In other words, realistically we have to choose between maximizing the amount of time we spend getting a "working small molecule forcefield" now, versus figuring out how other pieces of the effort will work IF we get to do them. I don't want to end up in a situation where we have great plans for how we would deal with everything (such as extending it to large molecules, etc.) but we never get the opportunity to implement because we spent too many resources on long term plans and not enough on proof-of-principle for small molecules.

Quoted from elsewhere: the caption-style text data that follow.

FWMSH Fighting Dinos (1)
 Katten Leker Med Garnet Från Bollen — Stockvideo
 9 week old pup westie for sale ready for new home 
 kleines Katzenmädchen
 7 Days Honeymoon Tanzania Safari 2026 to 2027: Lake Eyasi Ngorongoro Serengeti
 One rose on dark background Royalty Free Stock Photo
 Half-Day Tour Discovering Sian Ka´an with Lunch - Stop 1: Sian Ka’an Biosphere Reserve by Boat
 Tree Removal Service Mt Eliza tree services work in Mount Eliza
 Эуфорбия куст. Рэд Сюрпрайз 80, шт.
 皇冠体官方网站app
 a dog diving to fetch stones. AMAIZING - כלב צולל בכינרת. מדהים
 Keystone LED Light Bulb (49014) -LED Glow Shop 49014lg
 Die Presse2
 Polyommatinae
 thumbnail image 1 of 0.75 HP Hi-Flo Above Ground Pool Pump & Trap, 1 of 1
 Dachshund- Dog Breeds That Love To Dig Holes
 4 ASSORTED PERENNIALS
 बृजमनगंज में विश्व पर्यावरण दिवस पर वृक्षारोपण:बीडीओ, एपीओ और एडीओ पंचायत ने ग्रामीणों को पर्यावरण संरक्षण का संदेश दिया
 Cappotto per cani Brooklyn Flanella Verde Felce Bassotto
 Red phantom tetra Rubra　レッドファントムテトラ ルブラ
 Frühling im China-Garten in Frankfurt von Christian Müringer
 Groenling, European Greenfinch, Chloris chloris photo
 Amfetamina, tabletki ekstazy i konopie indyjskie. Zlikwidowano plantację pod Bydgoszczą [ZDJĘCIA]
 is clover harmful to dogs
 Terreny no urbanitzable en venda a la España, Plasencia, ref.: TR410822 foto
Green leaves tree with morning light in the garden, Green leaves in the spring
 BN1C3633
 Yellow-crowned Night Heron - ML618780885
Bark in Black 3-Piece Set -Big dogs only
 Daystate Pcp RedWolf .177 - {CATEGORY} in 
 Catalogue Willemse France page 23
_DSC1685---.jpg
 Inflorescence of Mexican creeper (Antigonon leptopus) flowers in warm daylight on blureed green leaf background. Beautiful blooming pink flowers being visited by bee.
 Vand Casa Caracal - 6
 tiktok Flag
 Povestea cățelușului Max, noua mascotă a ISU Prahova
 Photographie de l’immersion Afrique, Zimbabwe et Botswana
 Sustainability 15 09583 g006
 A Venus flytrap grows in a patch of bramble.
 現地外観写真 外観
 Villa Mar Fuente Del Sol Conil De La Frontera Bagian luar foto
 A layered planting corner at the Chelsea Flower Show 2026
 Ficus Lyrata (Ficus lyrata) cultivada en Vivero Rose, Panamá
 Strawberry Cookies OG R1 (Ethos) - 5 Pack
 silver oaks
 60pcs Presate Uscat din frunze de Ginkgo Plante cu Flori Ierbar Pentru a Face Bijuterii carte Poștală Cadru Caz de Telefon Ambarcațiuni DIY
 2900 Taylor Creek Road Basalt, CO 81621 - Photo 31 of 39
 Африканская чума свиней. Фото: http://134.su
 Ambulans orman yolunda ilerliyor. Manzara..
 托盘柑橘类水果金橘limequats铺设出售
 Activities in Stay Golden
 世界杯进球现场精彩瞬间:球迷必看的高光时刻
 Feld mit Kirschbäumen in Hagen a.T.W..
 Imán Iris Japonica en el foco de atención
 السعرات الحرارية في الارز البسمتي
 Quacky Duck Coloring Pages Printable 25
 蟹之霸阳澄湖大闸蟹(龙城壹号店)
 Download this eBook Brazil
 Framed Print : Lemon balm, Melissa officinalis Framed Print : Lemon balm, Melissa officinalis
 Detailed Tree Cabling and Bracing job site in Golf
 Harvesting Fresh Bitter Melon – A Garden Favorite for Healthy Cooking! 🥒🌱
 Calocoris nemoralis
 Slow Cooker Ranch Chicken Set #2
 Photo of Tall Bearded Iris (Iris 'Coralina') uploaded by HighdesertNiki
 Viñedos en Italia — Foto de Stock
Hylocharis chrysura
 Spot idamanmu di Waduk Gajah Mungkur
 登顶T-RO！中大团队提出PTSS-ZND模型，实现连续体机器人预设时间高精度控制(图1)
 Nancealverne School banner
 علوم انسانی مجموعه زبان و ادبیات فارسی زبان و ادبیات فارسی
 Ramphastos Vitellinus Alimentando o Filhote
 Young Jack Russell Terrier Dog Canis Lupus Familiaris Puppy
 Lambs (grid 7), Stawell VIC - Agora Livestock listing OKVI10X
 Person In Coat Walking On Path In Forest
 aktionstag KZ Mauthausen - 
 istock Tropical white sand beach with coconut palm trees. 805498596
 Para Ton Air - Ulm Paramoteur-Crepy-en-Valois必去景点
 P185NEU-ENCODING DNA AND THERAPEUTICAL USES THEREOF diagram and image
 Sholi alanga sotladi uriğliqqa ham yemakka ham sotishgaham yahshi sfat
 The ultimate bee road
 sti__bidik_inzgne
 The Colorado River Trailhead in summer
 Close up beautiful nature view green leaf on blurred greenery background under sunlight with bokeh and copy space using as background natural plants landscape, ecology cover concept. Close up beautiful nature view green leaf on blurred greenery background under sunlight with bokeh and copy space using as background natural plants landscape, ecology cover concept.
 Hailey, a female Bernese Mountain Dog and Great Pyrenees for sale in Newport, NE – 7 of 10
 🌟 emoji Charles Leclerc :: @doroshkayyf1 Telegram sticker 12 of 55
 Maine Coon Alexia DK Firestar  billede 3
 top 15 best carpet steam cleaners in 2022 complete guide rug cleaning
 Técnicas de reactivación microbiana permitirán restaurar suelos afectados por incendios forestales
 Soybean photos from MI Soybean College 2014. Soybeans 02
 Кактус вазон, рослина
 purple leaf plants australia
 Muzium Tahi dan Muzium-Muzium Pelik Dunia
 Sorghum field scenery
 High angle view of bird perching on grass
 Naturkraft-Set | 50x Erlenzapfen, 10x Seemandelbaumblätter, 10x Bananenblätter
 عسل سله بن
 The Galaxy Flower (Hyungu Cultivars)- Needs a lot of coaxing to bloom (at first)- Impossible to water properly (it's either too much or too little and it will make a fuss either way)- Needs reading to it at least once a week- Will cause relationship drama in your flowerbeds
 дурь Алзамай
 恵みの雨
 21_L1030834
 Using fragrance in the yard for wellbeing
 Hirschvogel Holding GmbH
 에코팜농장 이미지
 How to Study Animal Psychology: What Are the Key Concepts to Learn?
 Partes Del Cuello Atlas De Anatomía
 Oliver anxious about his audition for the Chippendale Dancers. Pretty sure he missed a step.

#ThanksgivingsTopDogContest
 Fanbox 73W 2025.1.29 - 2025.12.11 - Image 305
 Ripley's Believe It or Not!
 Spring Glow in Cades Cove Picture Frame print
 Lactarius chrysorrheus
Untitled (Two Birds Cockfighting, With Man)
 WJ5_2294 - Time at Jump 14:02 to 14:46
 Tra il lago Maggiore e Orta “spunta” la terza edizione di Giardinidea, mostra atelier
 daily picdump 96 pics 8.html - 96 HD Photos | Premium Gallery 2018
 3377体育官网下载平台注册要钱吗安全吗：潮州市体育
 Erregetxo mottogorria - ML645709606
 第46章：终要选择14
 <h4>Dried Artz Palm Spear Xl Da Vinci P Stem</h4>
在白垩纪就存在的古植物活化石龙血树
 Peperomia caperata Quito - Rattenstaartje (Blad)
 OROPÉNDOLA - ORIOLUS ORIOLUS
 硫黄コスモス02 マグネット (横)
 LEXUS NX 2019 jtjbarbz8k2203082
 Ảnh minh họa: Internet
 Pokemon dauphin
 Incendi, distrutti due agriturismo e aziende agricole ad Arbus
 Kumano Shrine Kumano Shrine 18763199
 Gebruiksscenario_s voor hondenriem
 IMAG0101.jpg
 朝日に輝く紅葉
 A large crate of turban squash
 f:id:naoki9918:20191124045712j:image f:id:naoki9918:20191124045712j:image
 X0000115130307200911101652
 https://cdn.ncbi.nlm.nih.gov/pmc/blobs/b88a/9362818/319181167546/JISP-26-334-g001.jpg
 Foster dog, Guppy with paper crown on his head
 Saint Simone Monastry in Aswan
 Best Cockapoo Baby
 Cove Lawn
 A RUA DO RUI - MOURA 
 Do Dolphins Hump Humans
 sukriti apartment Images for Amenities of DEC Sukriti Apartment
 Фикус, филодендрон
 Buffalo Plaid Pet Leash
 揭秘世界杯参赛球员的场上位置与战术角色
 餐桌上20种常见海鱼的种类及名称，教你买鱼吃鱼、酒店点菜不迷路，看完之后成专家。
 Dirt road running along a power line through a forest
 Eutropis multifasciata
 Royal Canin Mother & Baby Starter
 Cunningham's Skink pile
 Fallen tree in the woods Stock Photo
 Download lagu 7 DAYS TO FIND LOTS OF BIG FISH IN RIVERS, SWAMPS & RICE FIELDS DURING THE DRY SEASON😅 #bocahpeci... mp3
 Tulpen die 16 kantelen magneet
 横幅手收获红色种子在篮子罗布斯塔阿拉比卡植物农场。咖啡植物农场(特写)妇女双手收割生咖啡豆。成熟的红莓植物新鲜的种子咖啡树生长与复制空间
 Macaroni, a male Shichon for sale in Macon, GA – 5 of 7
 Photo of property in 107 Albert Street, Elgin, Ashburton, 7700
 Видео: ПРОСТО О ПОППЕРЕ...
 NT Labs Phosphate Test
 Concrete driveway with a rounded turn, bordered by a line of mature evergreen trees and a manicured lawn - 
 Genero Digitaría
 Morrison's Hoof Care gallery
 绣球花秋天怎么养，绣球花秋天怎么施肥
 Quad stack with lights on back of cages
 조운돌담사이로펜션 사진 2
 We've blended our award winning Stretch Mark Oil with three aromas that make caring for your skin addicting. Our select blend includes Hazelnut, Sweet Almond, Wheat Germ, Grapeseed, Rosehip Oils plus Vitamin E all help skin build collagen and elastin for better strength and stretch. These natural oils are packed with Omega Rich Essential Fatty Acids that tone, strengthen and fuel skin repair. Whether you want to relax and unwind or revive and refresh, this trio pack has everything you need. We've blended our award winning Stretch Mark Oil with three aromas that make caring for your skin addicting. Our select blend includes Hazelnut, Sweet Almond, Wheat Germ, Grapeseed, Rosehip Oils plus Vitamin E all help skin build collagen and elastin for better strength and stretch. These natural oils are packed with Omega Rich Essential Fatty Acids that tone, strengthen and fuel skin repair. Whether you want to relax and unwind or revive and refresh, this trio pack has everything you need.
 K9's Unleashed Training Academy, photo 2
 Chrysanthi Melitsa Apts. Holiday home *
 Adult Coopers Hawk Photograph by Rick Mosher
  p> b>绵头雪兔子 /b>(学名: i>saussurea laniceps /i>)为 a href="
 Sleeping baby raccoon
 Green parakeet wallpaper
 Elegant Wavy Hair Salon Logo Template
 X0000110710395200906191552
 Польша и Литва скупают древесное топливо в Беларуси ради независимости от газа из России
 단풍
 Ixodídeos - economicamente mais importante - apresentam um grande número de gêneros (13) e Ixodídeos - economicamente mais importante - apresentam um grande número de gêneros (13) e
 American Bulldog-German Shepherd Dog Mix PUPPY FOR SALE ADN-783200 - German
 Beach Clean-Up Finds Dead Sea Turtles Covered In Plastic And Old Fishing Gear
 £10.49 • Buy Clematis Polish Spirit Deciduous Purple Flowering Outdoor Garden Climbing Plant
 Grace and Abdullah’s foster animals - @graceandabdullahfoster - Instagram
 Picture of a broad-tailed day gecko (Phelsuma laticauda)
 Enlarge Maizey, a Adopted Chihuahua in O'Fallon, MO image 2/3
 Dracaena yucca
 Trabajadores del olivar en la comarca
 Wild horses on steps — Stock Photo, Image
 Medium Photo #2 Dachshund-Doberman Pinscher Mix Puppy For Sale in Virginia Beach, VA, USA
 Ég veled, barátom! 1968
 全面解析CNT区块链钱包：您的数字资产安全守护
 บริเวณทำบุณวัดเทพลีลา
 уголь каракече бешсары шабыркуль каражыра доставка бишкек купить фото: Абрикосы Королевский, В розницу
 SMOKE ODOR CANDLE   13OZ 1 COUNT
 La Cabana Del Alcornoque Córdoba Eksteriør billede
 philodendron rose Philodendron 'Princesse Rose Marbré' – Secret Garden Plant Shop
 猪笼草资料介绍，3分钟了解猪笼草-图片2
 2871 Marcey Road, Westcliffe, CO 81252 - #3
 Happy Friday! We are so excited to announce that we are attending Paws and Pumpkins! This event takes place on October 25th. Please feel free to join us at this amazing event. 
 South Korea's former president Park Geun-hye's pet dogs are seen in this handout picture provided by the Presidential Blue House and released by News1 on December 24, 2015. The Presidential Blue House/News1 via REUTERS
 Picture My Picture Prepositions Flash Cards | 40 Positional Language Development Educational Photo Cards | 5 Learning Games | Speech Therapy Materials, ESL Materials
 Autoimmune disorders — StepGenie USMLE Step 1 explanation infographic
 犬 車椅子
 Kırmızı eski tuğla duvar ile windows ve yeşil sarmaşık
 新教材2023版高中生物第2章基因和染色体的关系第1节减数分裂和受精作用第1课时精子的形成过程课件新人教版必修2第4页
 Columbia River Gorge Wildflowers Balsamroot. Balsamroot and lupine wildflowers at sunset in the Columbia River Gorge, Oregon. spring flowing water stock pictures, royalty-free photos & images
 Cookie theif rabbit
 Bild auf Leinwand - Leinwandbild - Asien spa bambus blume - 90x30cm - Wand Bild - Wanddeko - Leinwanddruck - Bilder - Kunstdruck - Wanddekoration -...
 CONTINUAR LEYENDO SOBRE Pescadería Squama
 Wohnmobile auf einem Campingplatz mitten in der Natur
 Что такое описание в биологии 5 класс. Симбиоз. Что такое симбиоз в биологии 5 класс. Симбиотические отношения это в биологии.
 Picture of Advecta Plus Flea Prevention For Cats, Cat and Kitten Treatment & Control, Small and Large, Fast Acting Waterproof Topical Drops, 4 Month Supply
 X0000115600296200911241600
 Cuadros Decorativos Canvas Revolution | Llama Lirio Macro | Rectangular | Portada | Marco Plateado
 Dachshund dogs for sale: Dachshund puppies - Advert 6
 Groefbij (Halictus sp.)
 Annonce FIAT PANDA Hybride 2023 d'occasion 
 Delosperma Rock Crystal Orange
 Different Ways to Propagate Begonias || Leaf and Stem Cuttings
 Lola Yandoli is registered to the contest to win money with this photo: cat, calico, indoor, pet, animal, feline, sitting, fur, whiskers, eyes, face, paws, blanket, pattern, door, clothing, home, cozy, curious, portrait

If there's a design issue we need to deal with now to avoid having to backtrack later, that's another issue, of course. I just don't see what it is yet... Do you?
jchodera
commented
7 years ago The major immediate issue is that we need to agree on a scheme for charging small molecules in the ThemoML dataset.
The major intermediate issue is the potential need to extend smarty to BCC sampling as part of our proof of concept.
The major long term issue is a demonstration that we can scale our approach to handle biomolecular systems of pharmaceutical interest. We just need a guiding principle that can be refined, and if an implementation is quick, a proof of concept. Retreating to "we're waiting for someone else to solve this problem" isn't an acceptable position. We don't need to have the final solution---the the first steps of a clear path.
We definitely want to avoid distraction, but that is why it is important to get out ahead of this issue now and talk through a plan. We can decide on the optimal time to implement the first steps, but we need a plan.
We will need a scheme for fragmenting large molecules into smaller electronically decoupled components to allow us to charge large molecules (such as biomolecules).